Pada awal abad 13, Abu al-Abbas
al-Nabati dari Andalusia mengembangkan metode ilmiah untuk botani,
mengantar metode eksperimental dalam menguji, mendeskripsikan, dan
mengidentifikasi berbagai materi hidup dan memisahkan laporan observasi
yang tidak bisa diverifikasi.
Muridnya Ibnu al-Baitar (wafat 1248) mempublikasikan Kitab al-Jami fi al-Adwiya al-Mufrada,
yang merupakan kompilasi botani terbesar selama berabad-abad. Kitab
itu memuat sedikitnya 1400 tanaman yang berbeda, makanan, dan obat, yang
300 di antaranya penemuannya sendiri. Ibnu al-Baitar juga meneliti
anatomi hewan dan merupakan bapak ilmu kedokteran hewan, sampai-sampai
istilah Arab untuk ilmu ini menggunakan namanya.

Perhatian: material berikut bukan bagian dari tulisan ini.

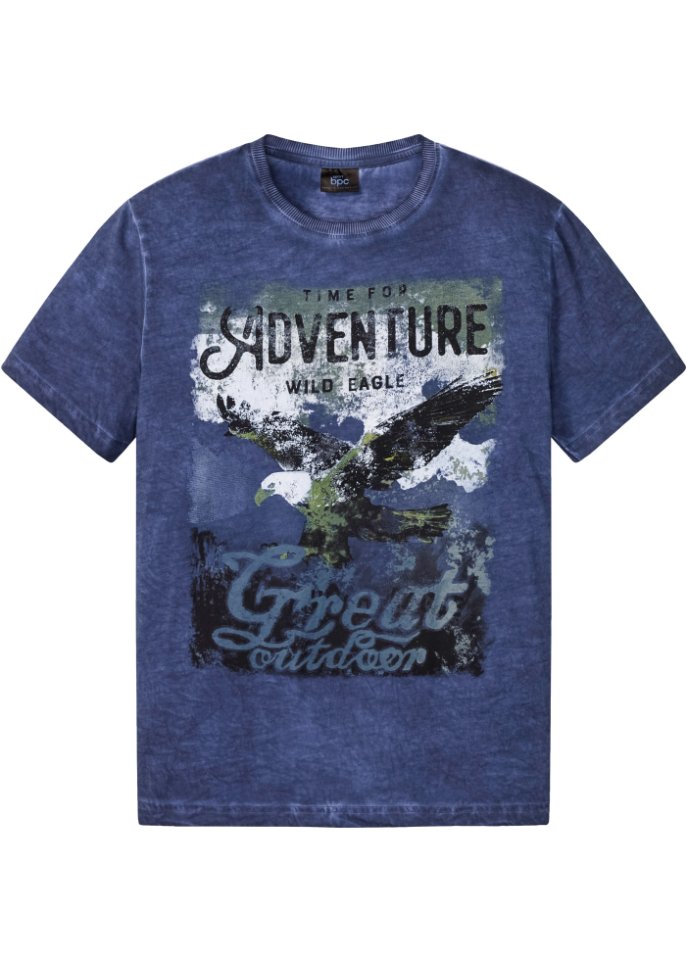 cold-dyed T-Shirt aus nachhaltiger Baumwolle in blau von vorne - bpc bonprix collection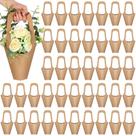 Sacos de presente de flores Gilprop Kraft Paper, 50 pacotes de 35 cm com alça
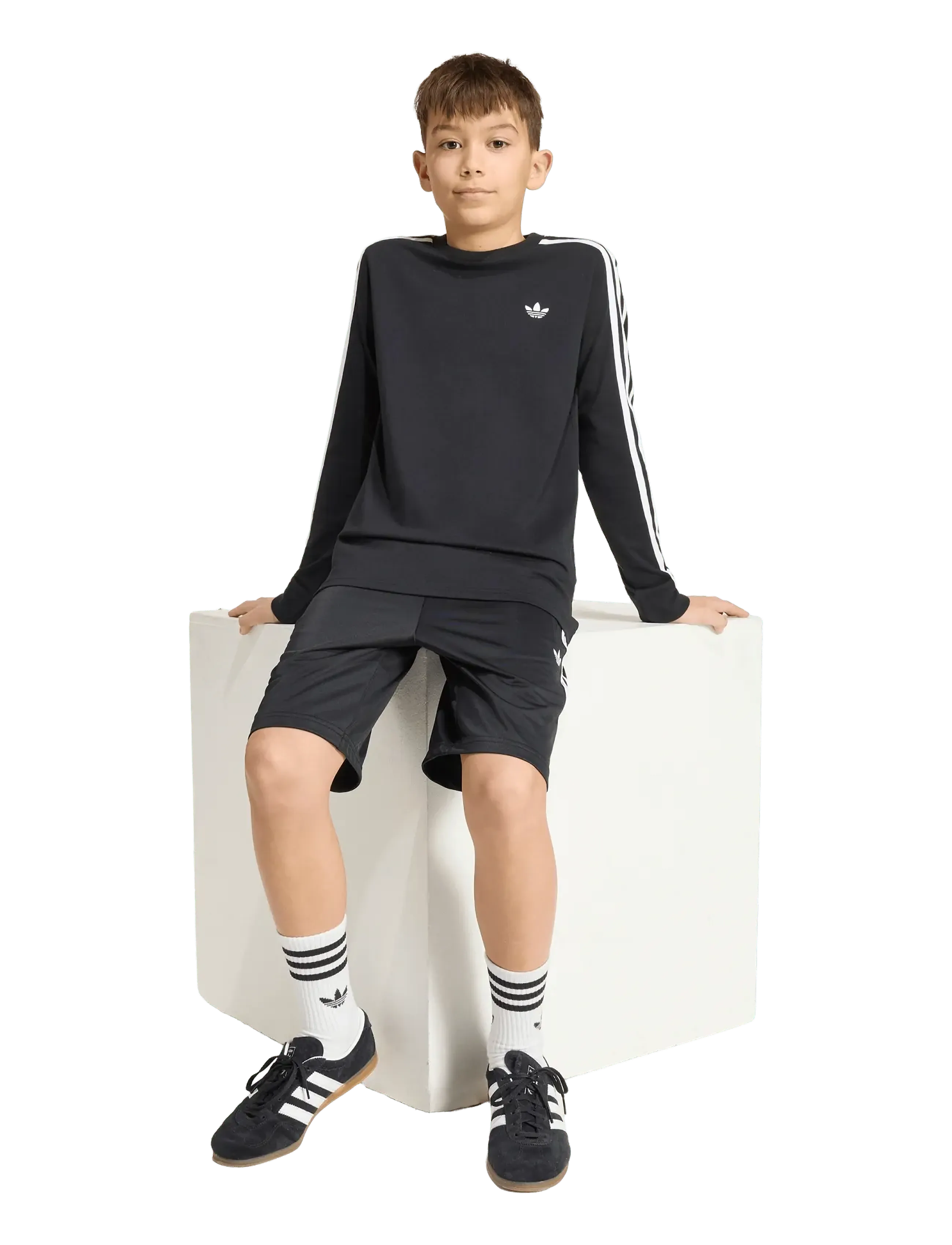adidas Originals 3 Stripe Ls, 128, T-shirts, Schwarz - Long-sleeved Kinder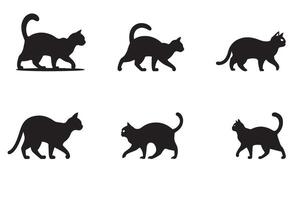 Minimalist Black Cat Silhouette in Sitting Posture on White Background vector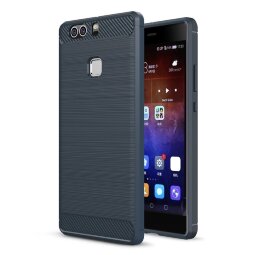 Чехол-накладка Carbon Fibre для Huawei P9 Plus (темно-синий)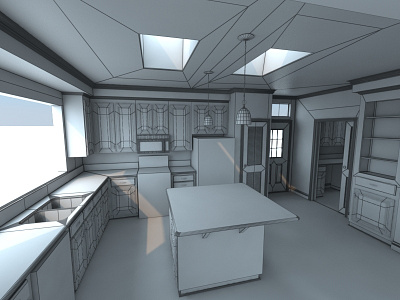 Kitchen Interior 3d 3ds max architecture interior kitchen model render visualization vray wireframe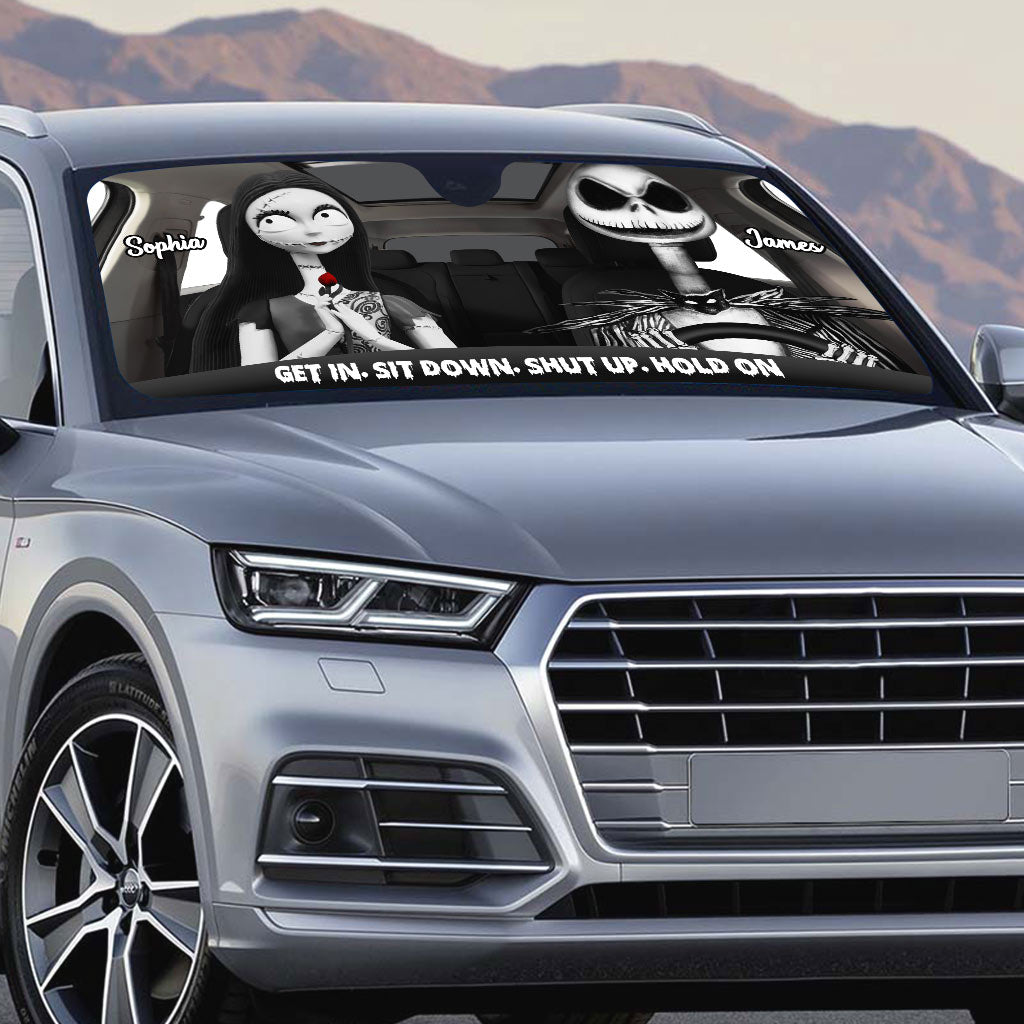 Personalized Nightmare Car Sunshade Custom Names Gift for Couple Car Sunshade GradoCreations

Sebuah halaman di kitab al-Filaha
Kemajuan pemikiran Islam tergambar pada
realitas bahwa mereka sudah memikirkan ekologi dan rantai makanan.
Al-Jāḥiẓ atau nama aslinya Abu Utsman Amr ibn Bahr al-Kinani al-Fuqaimi
al-Basri (781-869) dalam bukunya Kitab al-Hayawan sudah
berteori akan adanya perubahan berangsur pada mahluk hidup akibat
seleksi alam dan lingkungan. Meski ada perbedaan, pemikiran ini 1000
tahun mendahului Alfred Wallace atau Charles Darwin.

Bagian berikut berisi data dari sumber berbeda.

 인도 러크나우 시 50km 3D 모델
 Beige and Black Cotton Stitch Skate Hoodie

Ini adalah fakta-fakta yang terkait
langsung dengan ilmu pertanian dalam arti sempit. Namun revolusi
pertanian yang sesungguhnya terjadi dengan berbagai penemuan lain.
Alat-alat untuk memprediksi cuaca, peralatan untuk mempersiapkan lahan,
teknologi irigasi, pemumpukan, pengendalian hama, teknologi pengolahan
pasca panen, hingga manajemen perusahaan pertanian. Kombinasi sinergik
dari semua teknologi ini selalu menghasilkan akselerasi dan pada
momentum tertentu cukup besar untuk disebut “revolusi pertanian muslim”.

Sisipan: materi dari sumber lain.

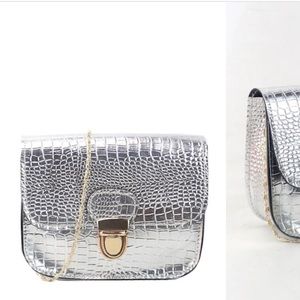 🎉Silver crocodile print crossbody bag 🎉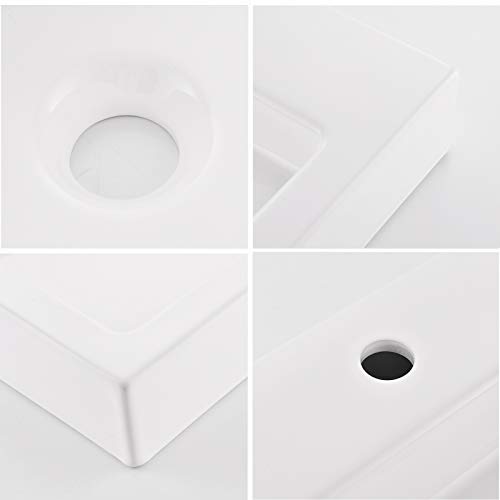 VALISY 25”x19” Inch Modern Above Counter Porcelain Ceramic White Rectangle Bathroom Vessel Sink, Vanity Lavatory Bath Countertop Art Basin Sinks with Single Faucet Hole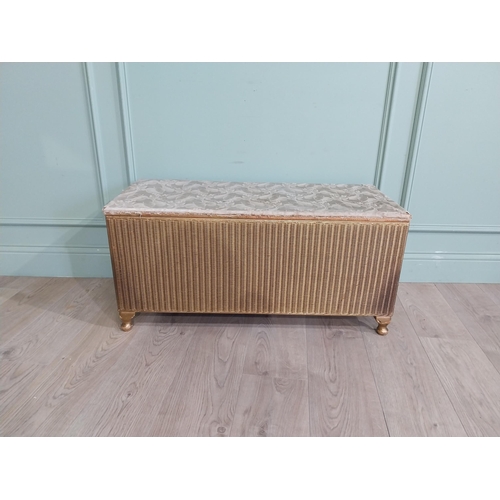 567 - Wicker style upholstered ottoman. {45 cm H x 90 cm W x 40 cm D} and upholstered clothes basket. {40 ... 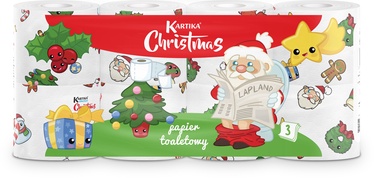 Туалетная бумага Kartika Christmas, 3 сл, 8 л.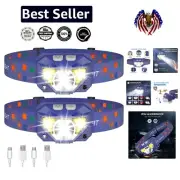 1200 Lumen Rechargeable LED Headlamp 2-Pack - Waterproof Motion Sensor Light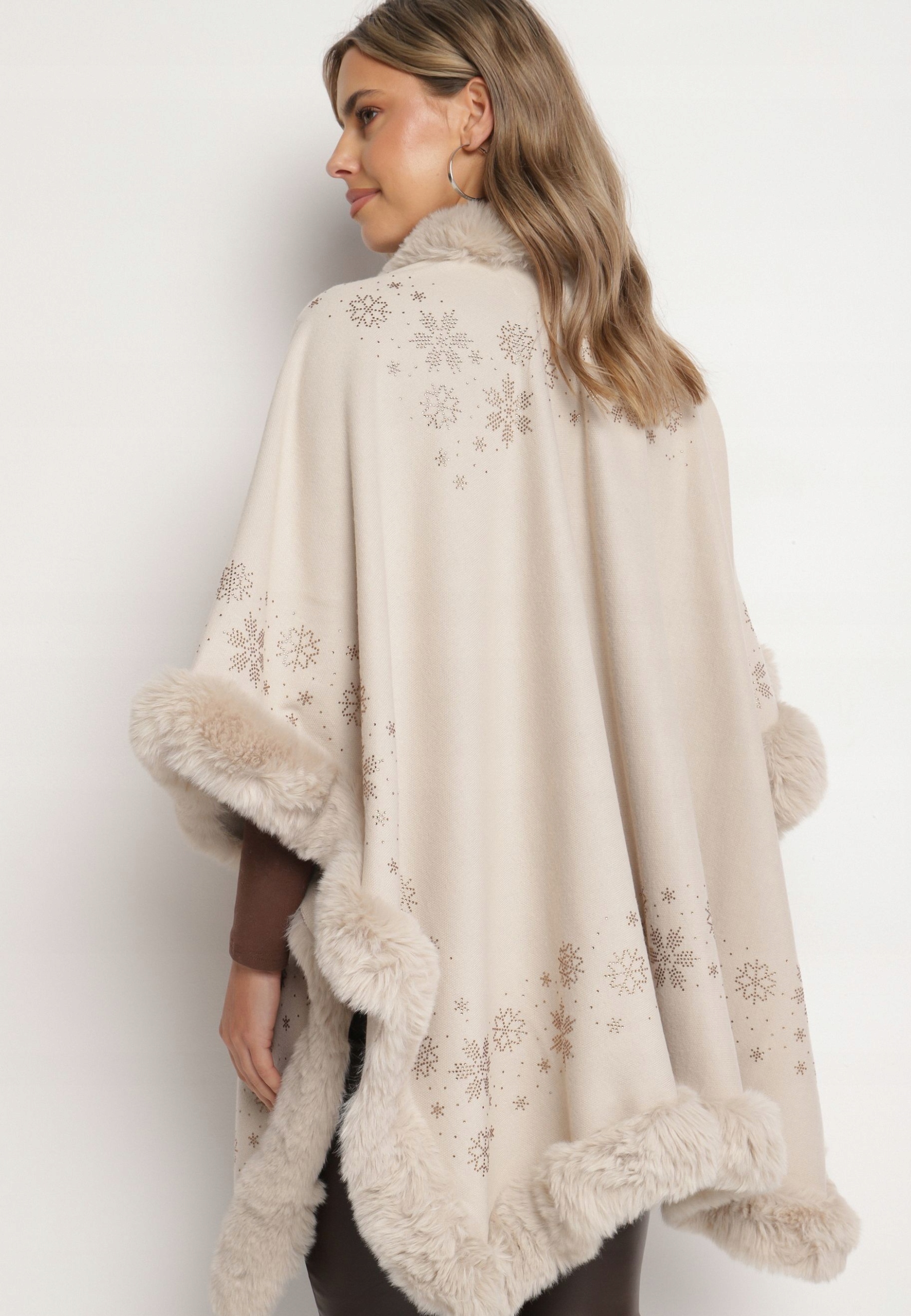 Born2Be Jasnobeżowe Ponczo damski Rozmiar S/M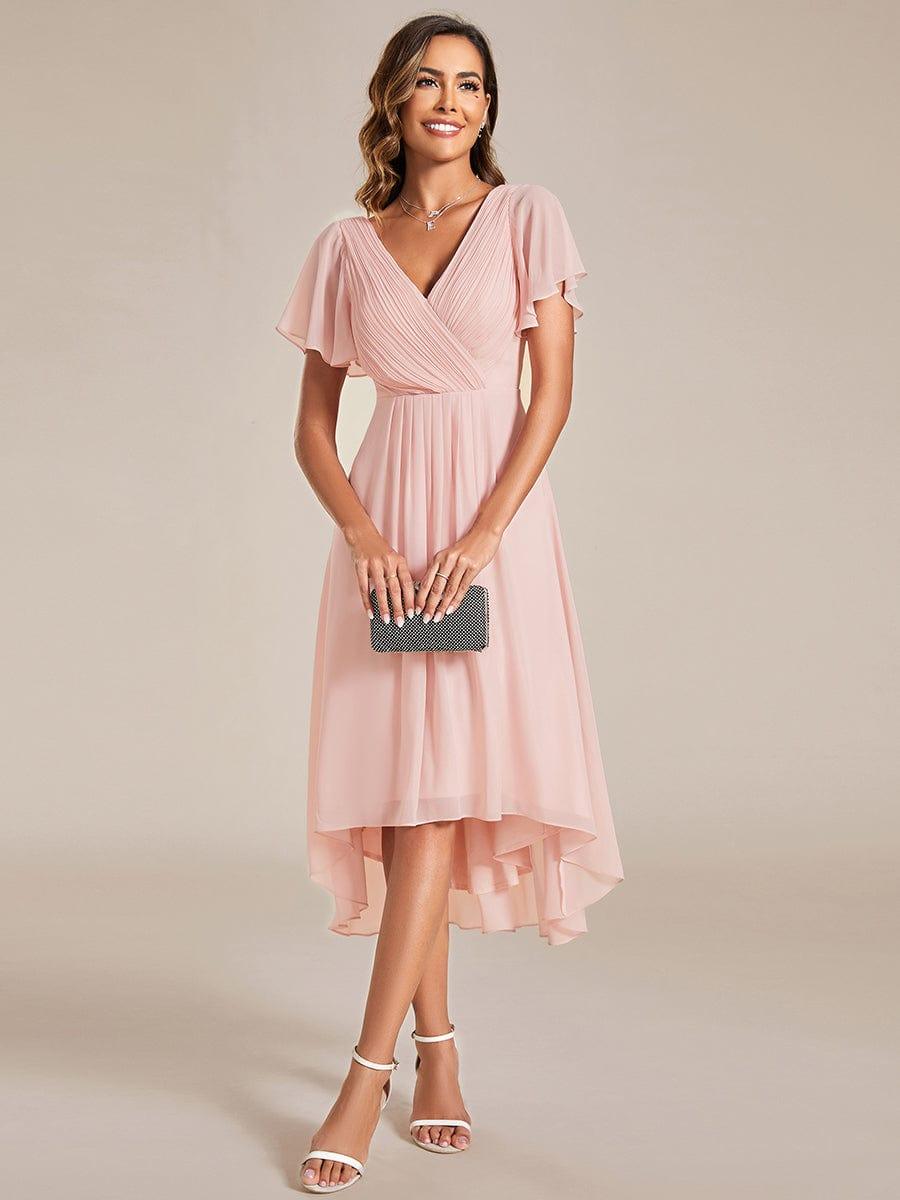 ever FAYE|Plus Size Pleated Midi Ruffles Sleeve Chiffon Bridesmaid Dress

Revolusi ini menaikkan panenan hingga
100 persen pada tanah yang sama. Kaum Muslim mengembangkan pendekatan
ilmiah yang berbasis tiga unsur: sistem rotasi tanaman, irigasi yang
canggih, dan kajian jenis-jenis tanaman yang cocok dengan tipe tanah,
musim, serta jumlah air yang tersedia. Ini adalah cikal bakal
“precission agriculture”.
Revolusi ini ditunjang juga dengan
berbagai hukum pertanahan Islam, sehingga orang yang memproduktifkan
tanah mendapat insentif. Tanah tidak lagi dimonopoli kaum feodal dan
tak ada lagi petani yang merasa dizalimi sehingga malas-malasan mengolah
tanah. Negara juga menyebarkan informasi teknologi pertanian sampai
ke para petani di pelosok-pelosok.
Mungkin ada pertanyaan: kalau kita
pernah merevolusi pertanian, mengapa kita tidak ikut merevolusi
industri? Penjelasannya adalah: siapapun yang tetap melakukan riset
hingga abad-19 akan memiliki peluang lebih besar untuk mengkombinasikan
lebih banyak teknologi dasar menjadi berbagai teknologi yang lebih
kompleks.
Namun riset ini hanya tumbuh subur
ketika ada negara yang mengayominya, memberikan iklim yang sehat untuk
para ilmuwannya, serta memiliki komitmen untuk menggunakan semua hasil
riset itu untuk maslahat umat manusia. Sayangnya justru sejak abad-19
itu, negara yang seperti itu di tengah kaum Muslimin mulai redup, bahkan
akhirnya punah sama sekali di tahun 1924. Sejak itulah, pertanian di
dunia Islam mulai terkena “kutukan”.